Consentimento do cônjuge e peculiaridades do benefício de ordem no contrato de fiança
Benefício de Ordem: Considerando a linguagem diferenciada utilizada pelos operadores do direito, e pretendendo que o texto cumpra o seu objetivo precípuo, qual seja, o de levar informações importantes para os leitores que desejem alcançá-lo, penso que seja apropriado fazer uma breve menção ao instituto do benefício de ordem.
Partindo do princípio de que a mensagem a ser discorrida, tratará do tema fiança, diz-se, nesse caso, que benefício de ordem, significa dizer, que para que o fiador seja chamado a cumprir determinada obrigação, objeto do contrato, é necessário que em primeiro lugar tenha sido chamado o devedor principal, pois a responsabilidade do fiador é subsidiária (posterior) à do devedor principal, consideradas as devidas ressalvas contratuais e legais.
Superada a observação, é importante informar que o consentimento de um dos cônjuges, para que o outro possa se colocar no papel de fiador de determinada obrigação, não se confunde com fiança conjunta. O cônjuge pode autorizar a fiança, preenchendo desse modo a exigência legal, mas não há fiança de ambos: um cônjuge afiança e o outro simplesmente autoriza, não se convertendo em fiador. Os cônjuges podem, por outro lado, afiançar conjuntamente. Assim fazendo, ambos colocam-se como fiadores.
Quando apenas um dos cônjuges é fiador, unicamente seus bens dentro do regime respectivo podem ser constrangidos. Desse modo, sendo apenas fiador o marido, com mero assentimento da mulher, os bens reservados desta, por exemplo, bem como os incomunicáveis, não podem ser atingidos pela fiança.

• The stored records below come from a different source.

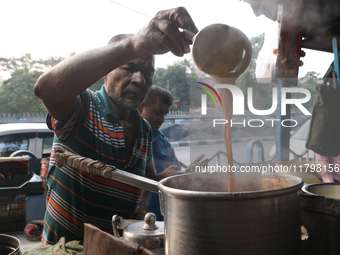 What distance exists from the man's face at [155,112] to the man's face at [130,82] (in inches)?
41.7

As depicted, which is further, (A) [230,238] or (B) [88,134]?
(B) [88,134]

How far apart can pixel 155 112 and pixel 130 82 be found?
1.16 metres

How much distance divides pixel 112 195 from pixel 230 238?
4.21 feet

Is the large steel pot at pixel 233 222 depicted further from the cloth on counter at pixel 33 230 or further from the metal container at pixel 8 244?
the cloth on counter at pixel 33 230

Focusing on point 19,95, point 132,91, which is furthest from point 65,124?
point 19,95

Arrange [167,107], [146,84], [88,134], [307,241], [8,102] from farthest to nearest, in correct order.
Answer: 1. [8,102]
2. [167,107]
3. [146,84]
4. [88,134]
5. [307,241]

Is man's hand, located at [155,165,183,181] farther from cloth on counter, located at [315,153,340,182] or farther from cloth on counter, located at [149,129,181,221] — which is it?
cloth on counter, located at [315,153,340,182]

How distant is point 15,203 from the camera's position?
3992 millimetres

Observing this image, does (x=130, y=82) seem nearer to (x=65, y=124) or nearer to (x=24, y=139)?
(x=65, y=124)

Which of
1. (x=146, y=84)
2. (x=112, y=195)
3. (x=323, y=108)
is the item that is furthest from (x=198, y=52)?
(x=323, y=108)

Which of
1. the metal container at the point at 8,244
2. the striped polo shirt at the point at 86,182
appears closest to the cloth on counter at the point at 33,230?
the striped polo shirt at the point at 86,182

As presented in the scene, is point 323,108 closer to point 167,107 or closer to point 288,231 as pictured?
point 167,107

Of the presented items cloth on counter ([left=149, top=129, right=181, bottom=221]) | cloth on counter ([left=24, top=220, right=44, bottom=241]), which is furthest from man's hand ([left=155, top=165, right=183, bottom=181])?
cloth on counter ([left=24, top=220, right=44, bottom=241])

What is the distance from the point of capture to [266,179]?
1.12 m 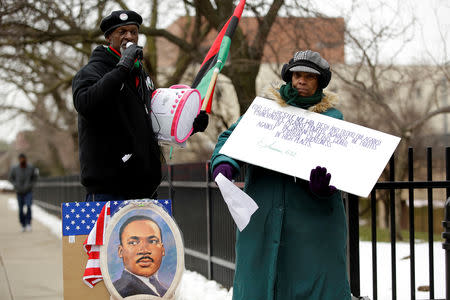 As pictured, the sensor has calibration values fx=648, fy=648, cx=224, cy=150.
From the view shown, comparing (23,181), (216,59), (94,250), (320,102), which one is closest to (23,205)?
(23,181)

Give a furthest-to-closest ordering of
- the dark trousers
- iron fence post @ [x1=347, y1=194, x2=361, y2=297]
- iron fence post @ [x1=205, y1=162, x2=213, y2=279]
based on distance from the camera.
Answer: the dark trousers, iron fence post @ [x1=205, y1=162, x2=213, y2=279], iron fence post @ [x1=347, y1=194, x2=361, y2=297]

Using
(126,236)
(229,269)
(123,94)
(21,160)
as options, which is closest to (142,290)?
(126,236)

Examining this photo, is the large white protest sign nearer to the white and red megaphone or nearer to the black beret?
the white and red megaphone

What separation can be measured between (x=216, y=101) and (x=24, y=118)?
69.4 ft

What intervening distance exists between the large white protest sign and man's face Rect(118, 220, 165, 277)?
0.58m

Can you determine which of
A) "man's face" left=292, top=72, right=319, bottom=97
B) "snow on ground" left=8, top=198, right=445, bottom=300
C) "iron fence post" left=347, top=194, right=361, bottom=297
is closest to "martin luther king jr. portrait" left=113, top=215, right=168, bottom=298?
"man's face" left=292, top=72, right=319, bottom=97

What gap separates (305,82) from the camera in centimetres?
338

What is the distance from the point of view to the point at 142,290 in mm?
3354

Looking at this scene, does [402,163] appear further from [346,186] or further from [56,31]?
[346,186]

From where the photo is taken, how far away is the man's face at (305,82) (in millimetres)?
3375

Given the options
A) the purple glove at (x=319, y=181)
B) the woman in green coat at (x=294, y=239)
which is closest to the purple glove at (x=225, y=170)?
the woman in green coat at (x=294, y=239)

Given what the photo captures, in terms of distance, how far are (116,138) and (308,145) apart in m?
1.03

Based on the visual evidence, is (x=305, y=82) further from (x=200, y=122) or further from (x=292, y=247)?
(x=292, y=247)

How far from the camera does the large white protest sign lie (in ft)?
10.7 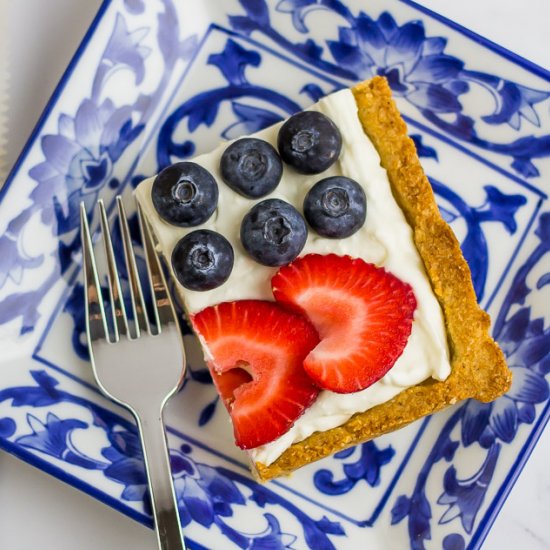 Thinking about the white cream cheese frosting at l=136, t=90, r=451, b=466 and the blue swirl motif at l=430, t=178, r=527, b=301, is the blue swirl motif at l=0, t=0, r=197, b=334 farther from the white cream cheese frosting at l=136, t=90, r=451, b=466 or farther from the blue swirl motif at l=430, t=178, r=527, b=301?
the blue swirl motif at l=430, t=178, r=527, b=301

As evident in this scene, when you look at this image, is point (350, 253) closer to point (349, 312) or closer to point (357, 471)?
point (349, 312)

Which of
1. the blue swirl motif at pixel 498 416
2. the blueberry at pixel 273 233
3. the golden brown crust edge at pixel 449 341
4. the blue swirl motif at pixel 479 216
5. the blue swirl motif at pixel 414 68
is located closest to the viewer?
the blueberry at pixel 273 233

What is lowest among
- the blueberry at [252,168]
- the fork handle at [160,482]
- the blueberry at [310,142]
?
the fork handle at [160,482]

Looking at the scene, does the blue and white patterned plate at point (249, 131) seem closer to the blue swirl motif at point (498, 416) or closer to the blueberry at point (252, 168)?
the blue swirl motif at point (498, 416)

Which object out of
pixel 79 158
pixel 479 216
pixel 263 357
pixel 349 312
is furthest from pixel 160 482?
pixel 479 216

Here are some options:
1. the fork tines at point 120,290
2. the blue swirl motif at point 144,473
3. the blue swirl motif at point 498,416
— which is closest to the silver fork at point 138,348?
the fork tines at point 120,290

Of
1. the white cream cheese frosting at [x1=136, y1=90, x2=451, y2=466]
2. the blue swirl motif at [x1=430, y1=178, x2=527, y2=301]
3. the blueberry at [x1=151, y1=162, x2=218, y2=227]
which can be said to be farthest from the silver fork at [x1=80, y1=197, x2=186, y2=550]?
the blue swirl motif at [x1=430, y1=178, x2=527, y2=301] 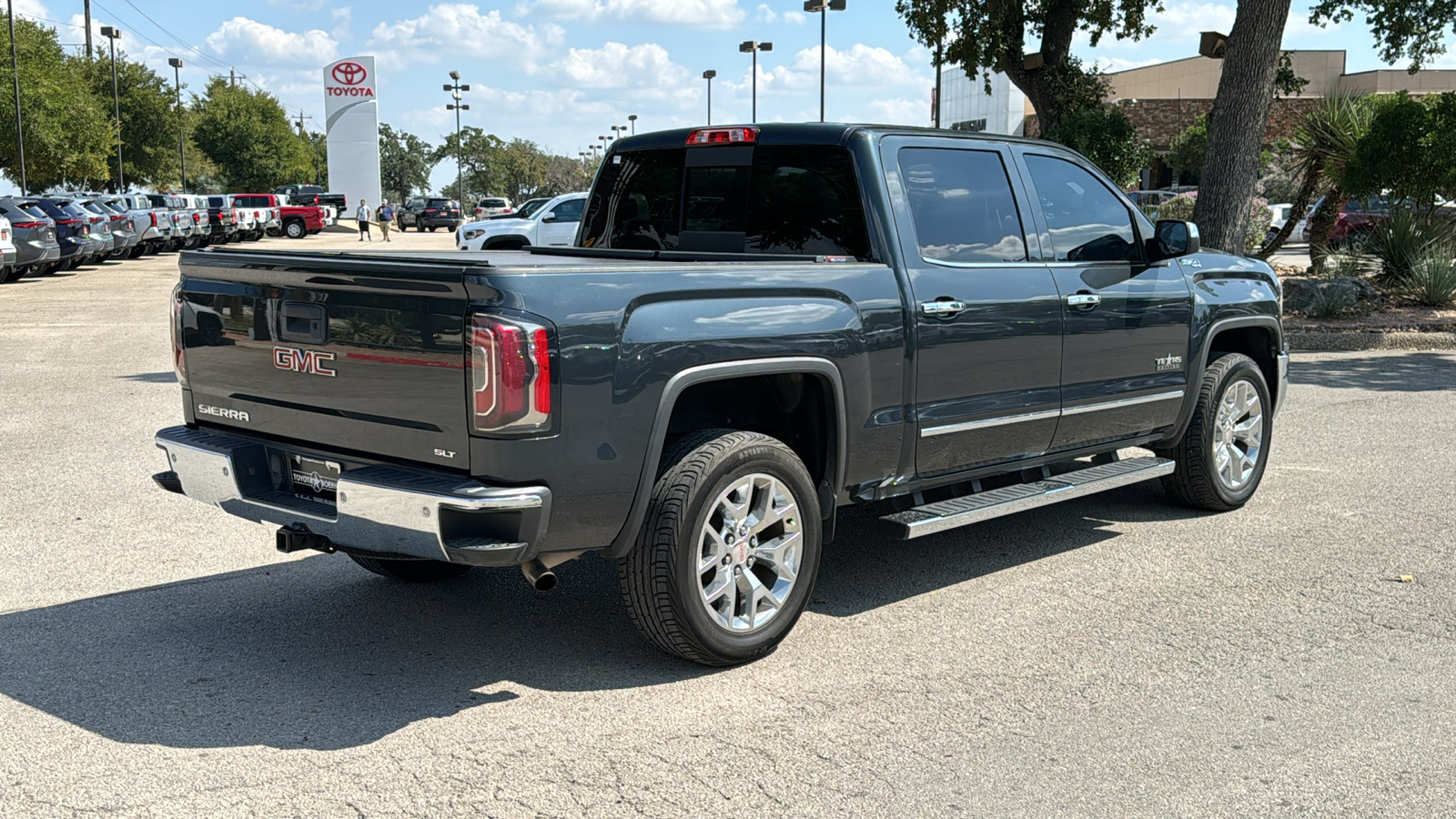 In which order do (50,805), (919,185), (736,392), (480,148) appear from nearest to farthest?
(50,805) → (736,392) → (919,185) → (480,148)

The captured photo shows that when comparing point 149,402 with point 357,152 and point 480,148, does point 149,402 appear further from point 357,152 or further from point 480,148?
point 480,148

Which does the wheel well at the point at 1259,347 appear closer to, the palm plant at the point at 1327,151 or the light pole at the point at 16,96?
the palm plant at the point at 1327,151

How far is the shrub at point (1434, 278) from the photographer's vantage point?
679 inches

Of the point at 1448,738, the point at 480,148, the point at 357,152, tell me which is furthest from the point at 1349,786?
the point at 480,148

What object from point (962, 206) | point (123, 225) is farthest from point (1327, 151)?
point (123, 225)

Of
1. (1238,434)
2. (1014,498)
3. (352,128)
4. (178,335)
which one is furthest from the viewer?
(352,128)

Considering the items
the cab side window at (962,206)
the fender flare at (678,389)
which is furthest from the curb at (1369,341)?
the fender flare at (678,389)

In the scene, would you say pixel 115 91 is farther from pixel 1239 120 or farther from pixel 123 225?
pixel 1239 120

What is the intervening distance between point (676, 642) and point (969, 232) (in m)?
2.30

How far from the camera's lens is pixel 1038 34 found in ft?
70.3

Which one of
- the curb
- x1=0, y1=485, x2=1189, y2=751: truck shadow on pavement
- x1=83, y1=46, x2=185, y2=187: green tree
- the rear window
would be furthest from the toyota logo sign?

Com esta posição doutrinária é possível dividir a fiança prestada pelo casal, pois pode ser conjunta ou individual com autorização. Isto porque alguns bens não podem ser atingidos pela fiança quando houver mera autorização do outro, diferente do caso quando ambos prestam a fiança em que todo o patrimônio do casal se submete aos efeitos gerados pelo inadimplemento do afiançado.
OBSERVAÇÃO: Impende salientar que, antes de alguém aceitar a proposta de se tornar fiador, é altamente recomendável que analise detidamente a cláusula de garantia do contrato em que ela está inserida, pois o artigo 828 enumera as circunstâncias nas quais o benefício de ordem não pode ser utilizado como recurso de defesa pelo fiador.

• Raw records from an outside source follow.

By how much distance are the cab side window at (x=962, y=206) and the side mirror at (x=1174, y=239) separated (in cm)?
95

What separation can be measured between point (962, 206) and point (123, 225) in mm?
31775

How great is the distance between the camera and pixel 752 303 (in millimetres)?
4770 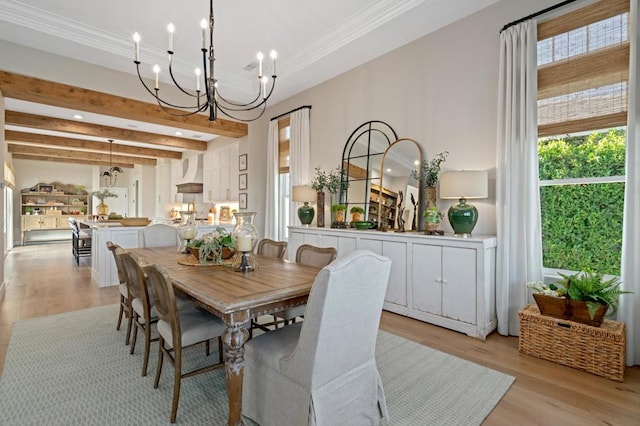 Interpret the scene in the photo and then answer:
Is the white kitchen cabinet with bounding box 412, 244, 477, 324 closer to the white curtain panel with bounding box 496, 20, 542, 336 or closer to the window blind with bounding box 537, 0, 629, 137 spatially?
the white curtain panel with bounding box 496, 20, 542, 336

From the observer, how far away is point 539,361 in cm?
245

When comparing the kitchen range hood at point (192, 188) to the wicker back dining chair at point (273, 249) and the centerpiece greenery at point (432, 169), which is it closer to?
the wicker back dining chair at point (273, 249)

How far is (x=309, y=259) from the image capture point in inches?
105

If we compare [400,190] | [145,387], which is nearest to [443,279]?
[400,190]

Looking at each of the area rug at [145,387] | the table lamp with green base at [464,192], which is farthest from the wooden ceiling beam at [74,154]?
the table lamp with green base at [464,192]

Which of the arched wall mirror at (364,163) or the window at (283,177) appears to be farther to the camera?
the window at (283,177)

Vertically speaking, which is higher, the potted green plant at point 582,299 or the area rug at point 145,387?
the potted green plant at point 582,299

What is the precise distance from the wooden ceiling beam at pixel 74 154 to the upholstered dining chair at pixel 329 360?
10713 millimetres

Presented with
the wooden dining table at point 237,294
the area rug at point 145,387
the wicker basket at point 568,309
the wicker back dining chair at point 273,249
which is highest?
the wicker back dining chair at point 273,249

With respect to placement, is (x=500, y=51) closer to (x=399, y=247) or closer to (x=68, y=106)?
(x=399, y=247)

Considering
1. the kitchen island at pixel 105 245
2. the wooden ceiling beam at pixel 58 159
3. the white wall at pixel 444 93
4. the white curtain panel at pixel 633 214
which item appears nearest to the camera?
the white curtain panel at pixel 633 214

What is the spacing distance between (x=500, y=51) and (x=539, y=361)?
2.75 m

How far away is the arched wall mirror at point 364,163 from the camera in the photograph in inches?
163

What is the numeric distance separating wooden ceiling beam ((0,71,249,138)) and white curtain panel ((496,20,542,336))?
16.5ft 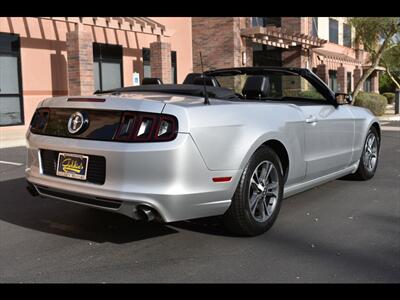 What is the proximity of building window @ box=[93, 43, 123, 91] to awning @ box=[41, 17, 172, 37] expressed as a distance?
136cm

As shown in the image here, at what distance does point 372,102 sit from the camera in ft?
75.2

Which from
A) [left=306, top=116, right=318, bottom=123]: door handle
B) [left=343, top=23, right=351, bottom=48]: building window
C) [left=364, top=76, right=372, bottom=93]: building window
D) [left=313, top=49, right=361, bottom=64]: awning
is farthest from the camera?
[left=364, top=76, right=372, bottom=93]: building window

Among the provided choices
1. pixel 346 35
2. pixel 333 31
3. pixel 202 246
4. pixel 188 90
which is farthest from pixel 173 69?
pixel 346 35

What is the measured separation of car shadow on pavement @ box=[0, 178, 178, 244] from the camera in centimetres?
451

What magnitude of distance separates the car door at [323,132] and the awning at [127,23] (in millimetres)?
9153

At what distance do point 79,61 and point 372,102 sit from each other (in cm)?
1407

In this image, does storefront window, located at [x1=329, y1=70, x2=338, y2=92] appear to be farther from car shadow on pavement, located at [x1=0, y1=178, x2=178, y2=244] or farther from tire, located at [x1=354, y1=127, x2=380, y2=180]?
car shadow on pavement, located at [x1=0, y1=178, x2=178, y2=244]

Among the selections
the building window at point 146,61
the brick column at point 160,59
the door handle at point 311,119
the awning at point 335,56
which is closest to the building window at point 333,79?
the awning at point 335,56

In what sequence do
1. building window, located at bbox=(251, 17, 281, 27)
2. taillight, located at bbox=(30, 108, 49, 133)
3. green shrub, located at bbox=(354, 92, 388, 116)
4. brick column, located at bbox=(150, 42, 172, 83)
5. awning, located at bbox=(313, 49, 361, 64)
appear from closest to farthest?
1. taillight, located at bbox=(30, 108, 49, 133)
2. brick column, located at bbox=(150, 42, 172, 83)
3. green shrub, located at bbox=(354, 92, 388, 116)
4. building window, located at bbox=(251, 17, 281, 27)
5. awning, located at bbox=(313, 49, 361, 64)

Segue a transcrição literal do dispositivo em comento:
Art. 828. Não aproveita este benefício ao fiador (o benefício de ordem):
I – se ele o renunciou expressamente;
II – se se obrigou como principal pagador, ou devedor solidário;
III– se o devedor for insolvente, ou falido.
Se houver, na cláusula de garantia do contrato, uma expressa declaração de renúncia do benefício de ordem manifestada pelo fiador, este afastará de si mesmo a possibilidade de alegar o referido instrumento jurídico em seu favor, ainda que seja demandado ANTES do devedor principal.

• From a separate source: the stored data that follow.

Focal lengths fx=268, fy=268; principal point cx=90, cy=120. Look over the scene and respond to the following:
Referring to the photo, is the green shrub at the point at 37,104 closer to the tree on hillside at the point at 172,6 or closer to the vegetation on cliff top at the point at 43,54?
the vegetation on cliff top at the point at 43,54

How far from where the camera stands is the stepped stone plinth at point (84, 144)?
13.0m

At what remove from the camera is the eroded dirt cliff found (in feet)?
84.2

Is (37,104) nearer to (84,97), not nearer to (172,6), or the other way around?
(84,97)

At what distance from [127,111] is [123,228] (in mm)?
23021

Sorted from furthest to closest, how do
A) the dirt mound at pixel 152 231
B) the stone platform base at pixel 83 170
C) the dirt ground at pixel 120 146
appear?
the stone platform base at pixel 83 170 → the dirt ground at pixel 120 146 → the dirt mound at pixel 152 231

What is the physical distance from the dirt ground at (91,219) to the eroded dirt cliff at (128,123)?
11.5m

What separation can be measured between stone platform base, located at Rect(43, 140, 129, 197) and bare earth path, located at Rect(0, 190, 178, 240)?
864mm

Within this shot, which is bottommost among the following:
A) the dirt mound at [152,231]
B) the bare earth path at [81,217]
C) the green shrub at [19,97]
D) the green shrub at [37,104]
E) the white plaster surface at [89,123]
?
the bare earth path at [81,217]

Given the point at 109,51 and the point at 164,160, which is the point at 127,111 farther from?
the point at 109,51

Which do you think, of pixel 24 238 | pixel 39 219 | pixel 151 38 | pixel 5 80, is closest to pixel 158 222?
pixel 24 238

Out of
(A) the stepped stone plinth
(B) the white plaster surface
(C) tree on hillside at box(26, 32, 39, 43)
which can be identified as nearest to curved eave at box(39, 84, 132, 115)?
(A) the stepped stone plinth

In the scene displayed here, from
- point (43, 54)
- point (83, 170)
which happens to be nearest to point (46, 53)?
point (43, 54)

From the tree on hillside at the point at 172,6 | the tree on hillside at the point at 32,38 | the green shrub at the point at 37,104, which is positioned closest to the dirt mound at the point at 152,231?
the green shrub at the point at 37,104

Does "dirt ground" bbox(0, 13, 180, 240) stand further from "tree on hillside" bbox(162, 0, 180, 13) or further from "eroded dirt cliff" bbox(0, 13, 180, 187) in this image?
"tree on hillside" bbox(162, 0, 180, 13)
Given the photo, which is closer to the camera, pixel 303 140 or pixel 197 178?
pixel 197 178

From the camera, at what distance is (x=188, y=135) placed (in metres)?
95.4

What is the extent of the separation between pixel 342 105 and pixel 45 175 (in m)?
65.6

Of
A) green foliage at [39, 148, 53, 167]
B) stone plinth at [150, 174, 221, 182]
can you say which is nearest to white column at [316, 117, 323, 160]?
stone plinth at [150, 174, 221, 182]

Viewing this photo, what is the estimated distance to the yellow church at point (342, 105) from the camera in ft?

Na hipótese, ademais, de o fiador obrigar-se como pagador principal ou devedor solidário, perderá ele o direito de invocar o benefício de ordem. Averbe-se que se caracteriza a solidariedade passiva quando dois ou mais devedores, em virtude de previsão legal ou de convenção entre as partes (artigo 265 do Código Civil), são responsáveis pelo pagamento total do débito, podendo qualquer um deles ser demandado pela dívida inteira. No caso sub judice, contudo, após efetuar o pagamento pela dívida, poderá o fiador reclamar judicialmente, em face do devedor principal, TODAS as despesas que desembolsou para quitar o débito que originalmente não foi contraído pelo primeiro.
Conforme se verifica por tudo que até aqui foi exposto, o benefício de ordem, mesmo que resguardado pelo novel diploma civil, é ao mesmo tempo minado por peculiaridades previstas no próprio Código Civil, capazes de acarretar a impossibilidade do seu emprego pelo fiador, realidade que deve nos motivar a analisar com mais seriedade o quesito fiança.